The scope of military information to be shared among the three will be confined to intelligence on threats from North Korea, the officials here stressed, in an apparent move to circumvent expected opposition from the public, which has opposed any military cooperation with Japan, its former colonial ruler.

The Korean Peninsula was ruled by Japan from 1910-45, and resentment over its atrocities, such as the forced sexual enslavement of Korean women for its troops, still runs deep among South Koreans, with many of the historic issues remaining unresolved.

Seoul and Washington have a bilateral military intelligence-sharing agreement, as do the U.S. and Japan. Seoul and Tokyo had worked to sign such a deal in 2012, but the deal fell apart at the last minute due in part to negative public sentiment in South Korea.

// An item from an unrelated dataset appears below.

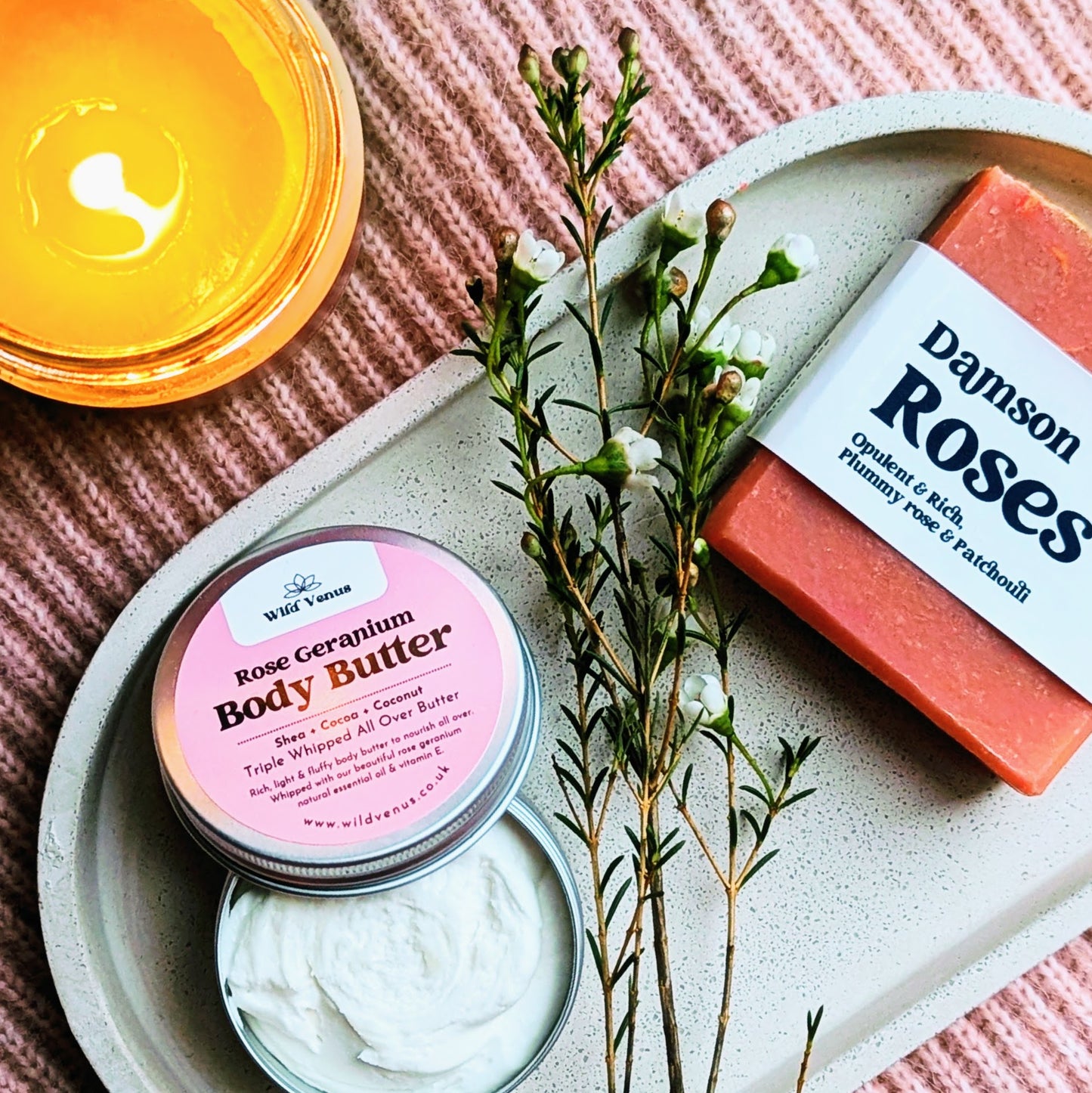 A photograph shows a lit candle, soap and a body butter from above. There's a small sprig of flowers.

“The arrangement does not mean sharing military secrets in a broad fashion,” said the official. “Rather than directly sharing the sensitive information with Japan, we will give our intelligence first to the U.S. and the tips will then be shared with Japan upon our approval, and vice versa,” he noted.

While the specifics about information sharing will be determined through further discussions later, the three-nation arrangement will be legally binding as it is based on the Seoul-Washington and Washington-Tokyo treaties on sharing confidential information, according to the official.

In response to criticism that the agreement will pave the way for South Korea to join the U.S.-led missile-defense (MD) system participated in by Japan, Seoul officials stressed the government’s push for its own missile shield.

“We would share military secrets with the U.S. and Japan, but we will act on our own under the current mechanism of the Korea-U.S. partnership when we need to respond to possible North Korean provocations,” another defense ministry official said on condition of anonymity.

Rebuffing a U.S. call to join its MD system, which is widely seen as intended to keep China in check, Seoul has been building the Korea Air and Missile Defense System (KAMD).

Asked about China’s possible opposition to the three-nation pact, the Seoul official said nothing would come before national security.

“We’ve not received any comments from China regarding the issue, and we don’t predict what reaction China would take,” the official said. “We’ve decided to share the intelligence with the U.S. and Japan for our security interests that cannot be compromised in any case.”

In July 2012, South Korea proposed the signing of an agreement on exchanging military secrets with China and has been waiting for Beijing’s response.

So far, South Korea has signed similar information-sharing arrangements with 29 countries, including Russia.